# The task
All lines from the opening of the material up to and including the line with "Le Plessis-Robinson to Goussainville map" should be transcribed exactly, pictures excepted.

# Data to use

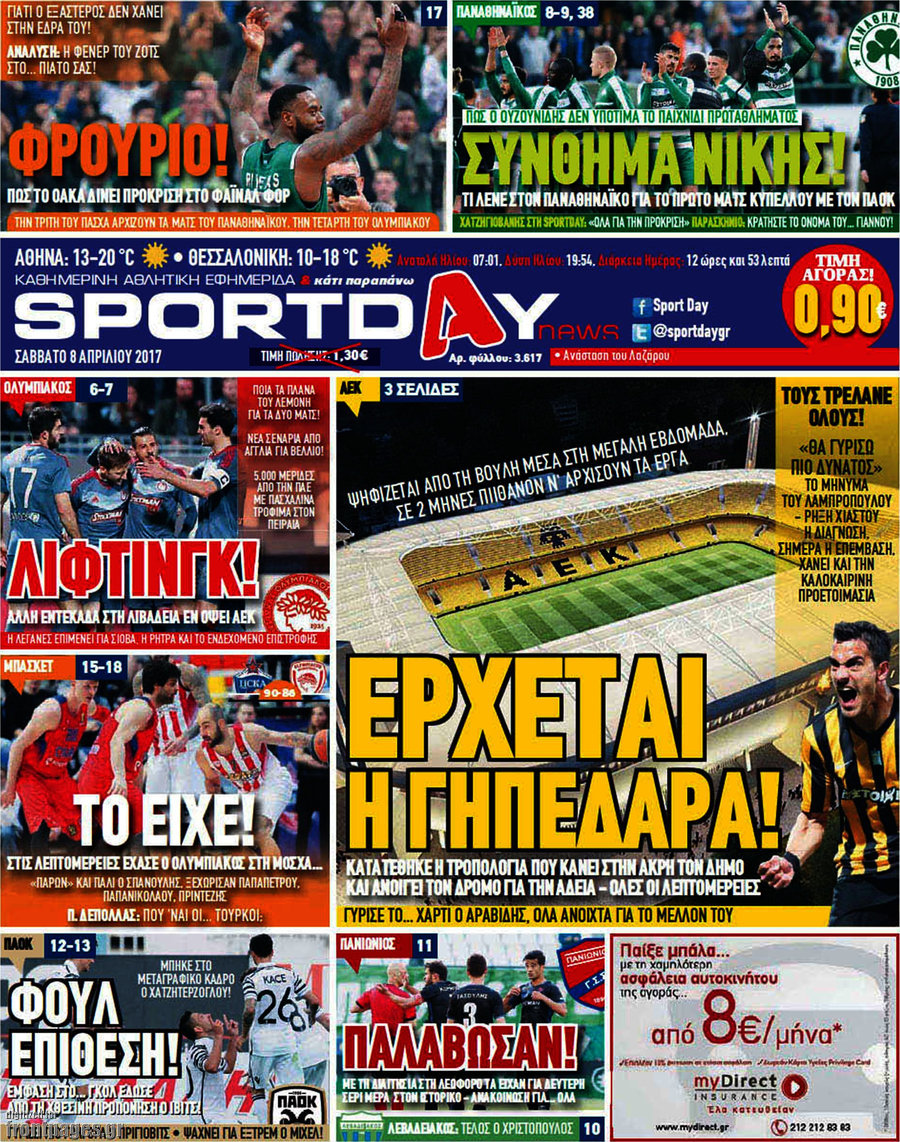 Τα πρωτοσέλιδα των αθλητικών εφημερίδων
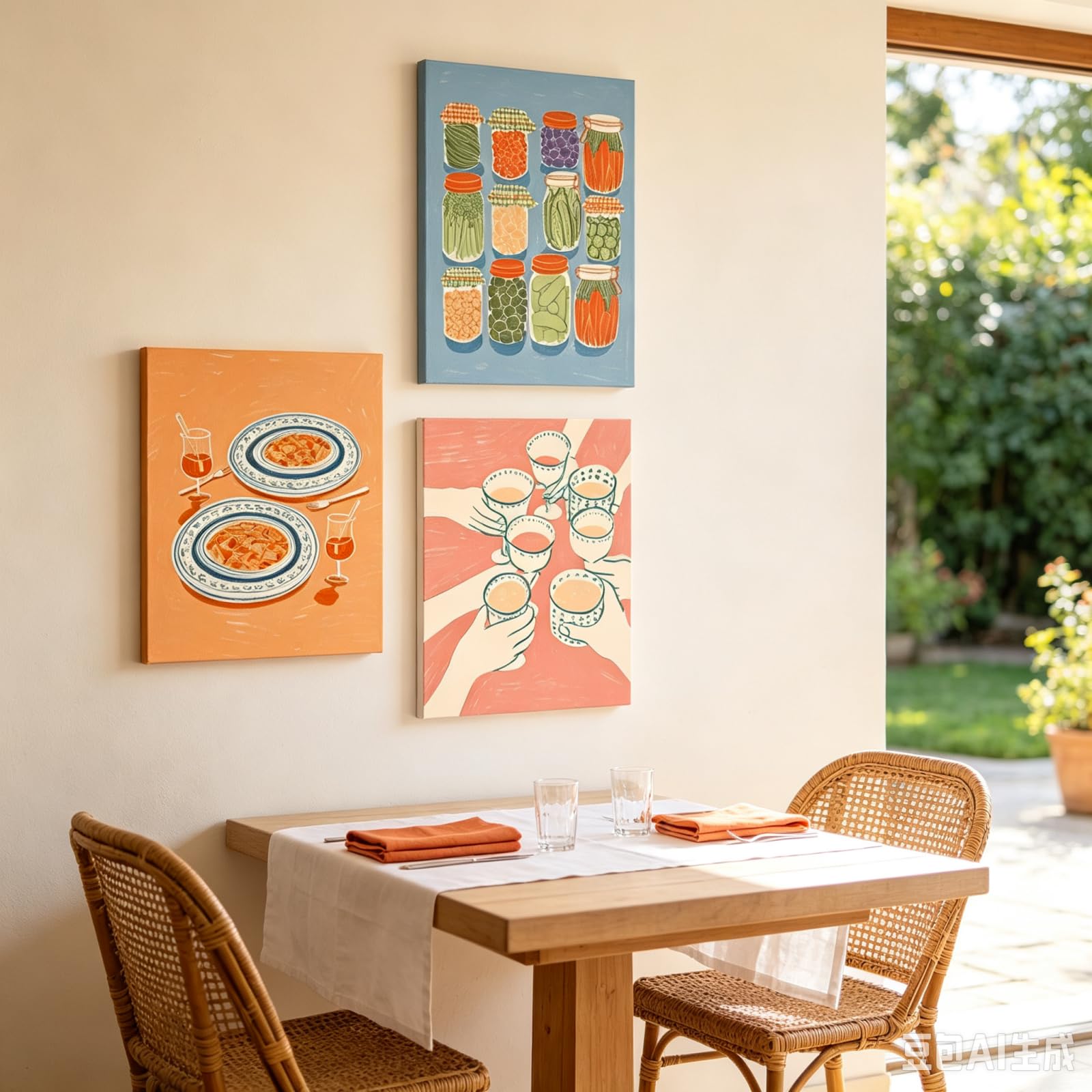 GFYJCKK 3er Küche Poster Set, Handgezeichnete Essen Wandbilder, Pasta Gläser Einmachglas Illustration, für Küche Esszimmer Leinwandbilder,Deko Bilder mit rahmen (40x50cm)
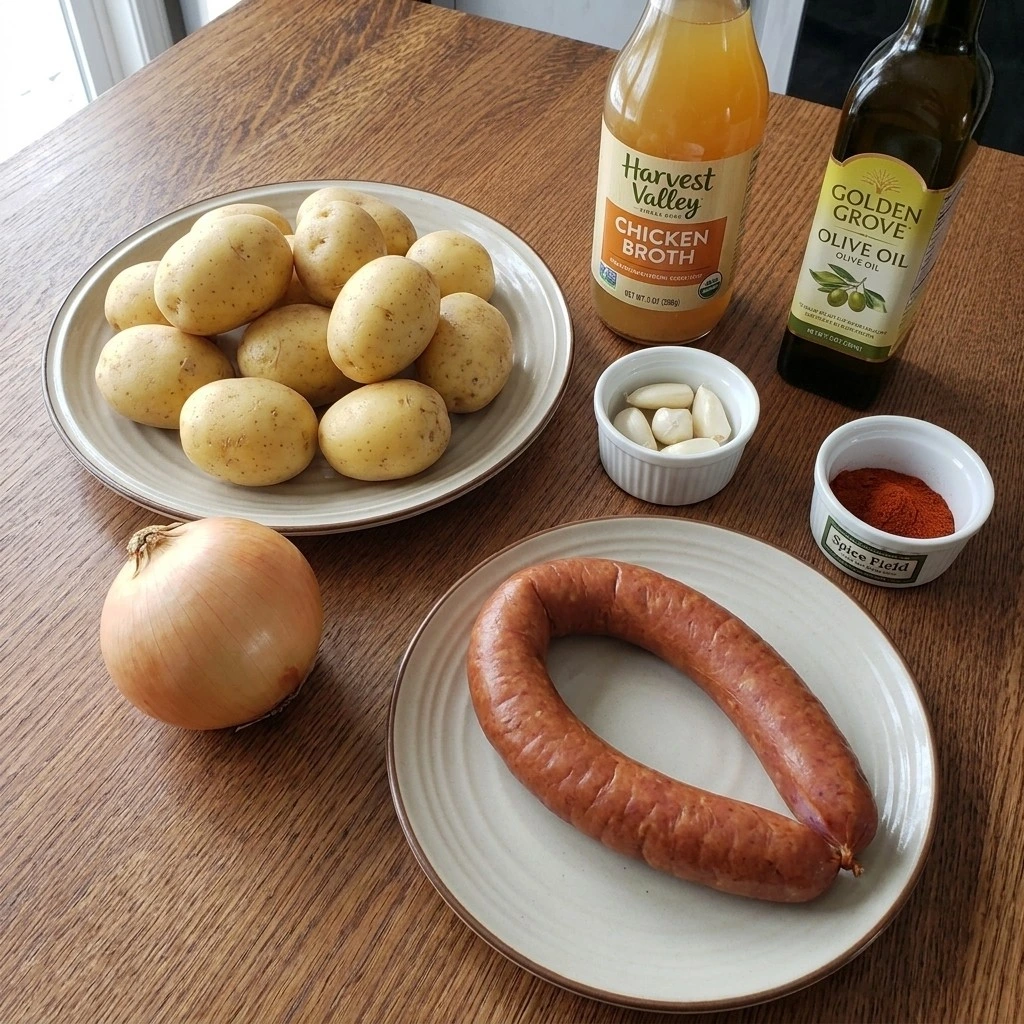 Crockpot Kielbasa and Potatoes ingredients including kielbasa sausage and baby potatoes Recipe focus: kielbasa and potatoes recipe.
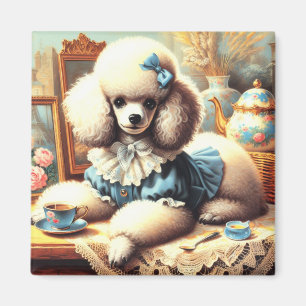  Schattige poedelschilderij Magneet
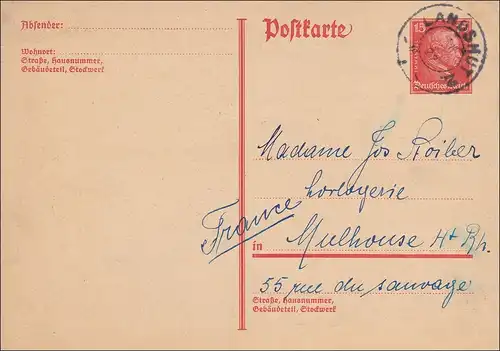 Ganzsache: 1927 von Landshut nach Mulhouse, Frankreich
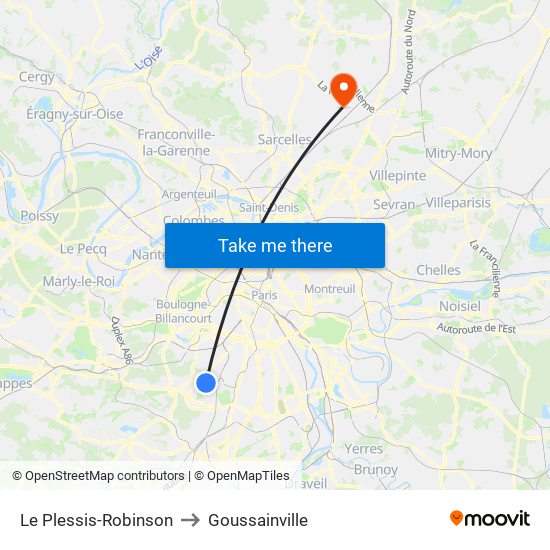 Le Plessis-Robinson to Goussainville map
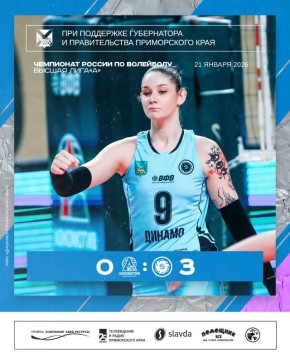 Начало положено!. Волейболистки «Динамо» (Приморский край) открыли выездной тур Высшей лиги «А» в Калининграде победой в трех партиях над «Локомотивом-2» – 3:0 (25:22, 25:19, 25:17)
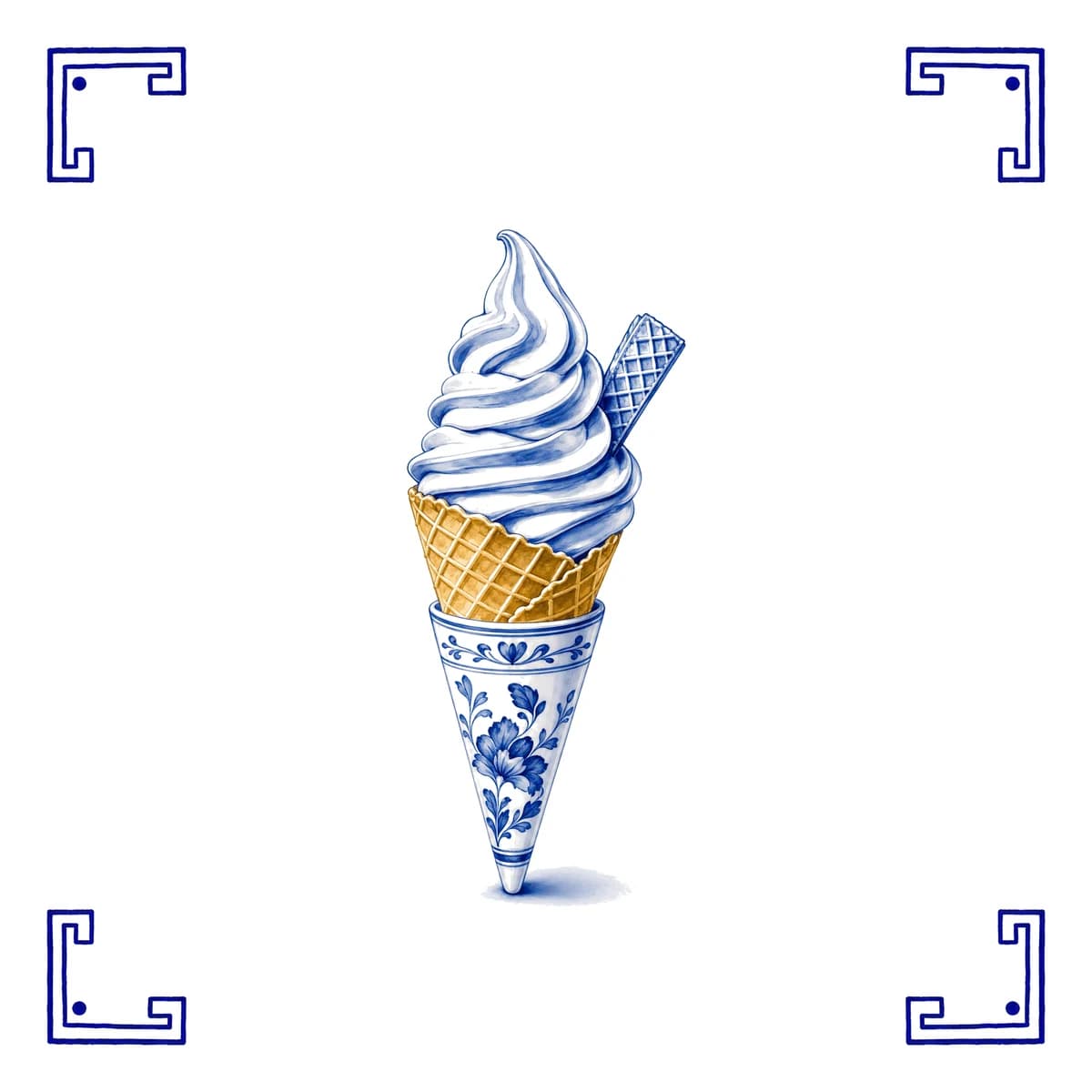 Soft-serve ice cream – Delft blue tile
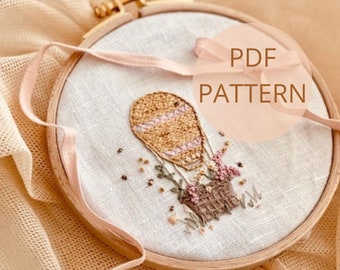 Beginner Embroidery PDF - Balloon Flower Basket
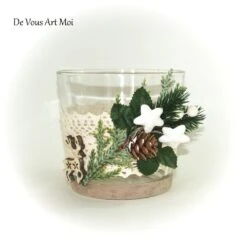 Photophore Noël Lanterne Décoration,bougeoir De Noël Verre;fait Main Artisanal -Papeterie Boutique 3923134 photophore de noel verre decoration rennes noel bougeoir 2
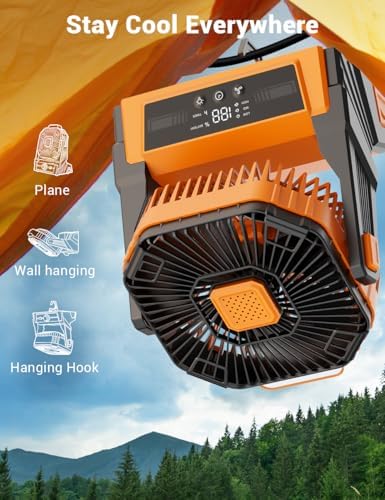 KopBeau 20000mAh Portable Rechargeable Fan, Battery Powered Camping Fan - Image 6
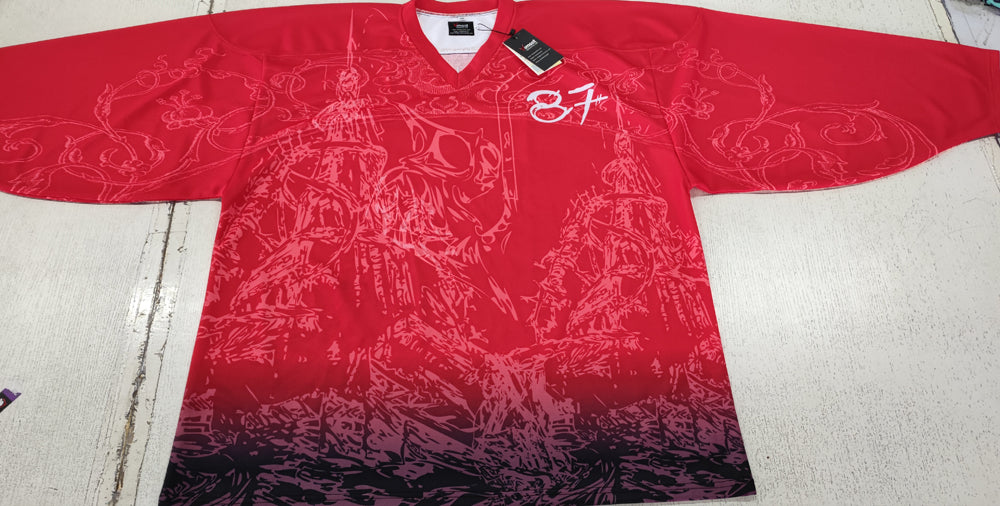 Custom Black Red Warrior Graphic Ice Hockey Jersey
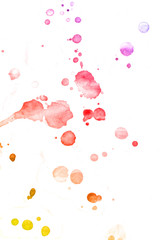 Red and purple drops watercolor paint background.
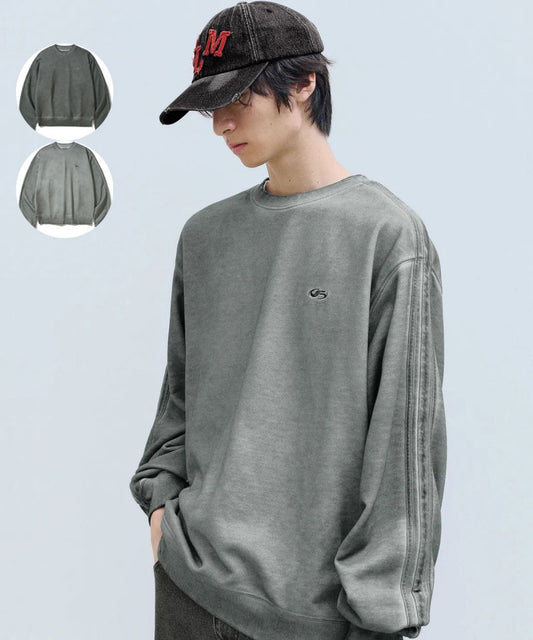 男女同款【WE ARE】韓國FILLUMINATE做舊圓領大學T衛衣FBEFUTM001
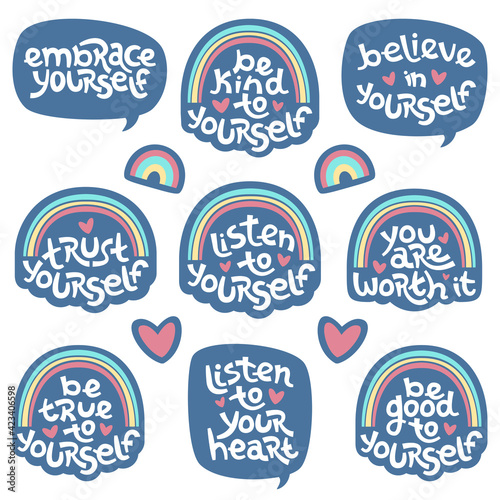 Set of positive thinking quotes promoting self worth and self care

# The answer
 Τα πρωτοσέλιδα των αθλητικών εφημερίδων
 GFYJCKK 3er Küche Poster Set, Handgezeichnete Essen Wandbilder, Pasta Gläser Einmachglas Illustration, für Küche Esszimmer Leinwandbilder,Deko Bilder mit rahmen (40x50cm)
 Crockpot Kielbasa and Potatoes ingredients including kielbasa sausage and baby potatoes Recipe focus: kielbasa and potatoes recipe.
  Schattige poedelschilderij Magneet
 Ganzsache: 1927 von Landshut nach Mulhouse, Frankreich
 Le Plessis-Robinson to Goussainville map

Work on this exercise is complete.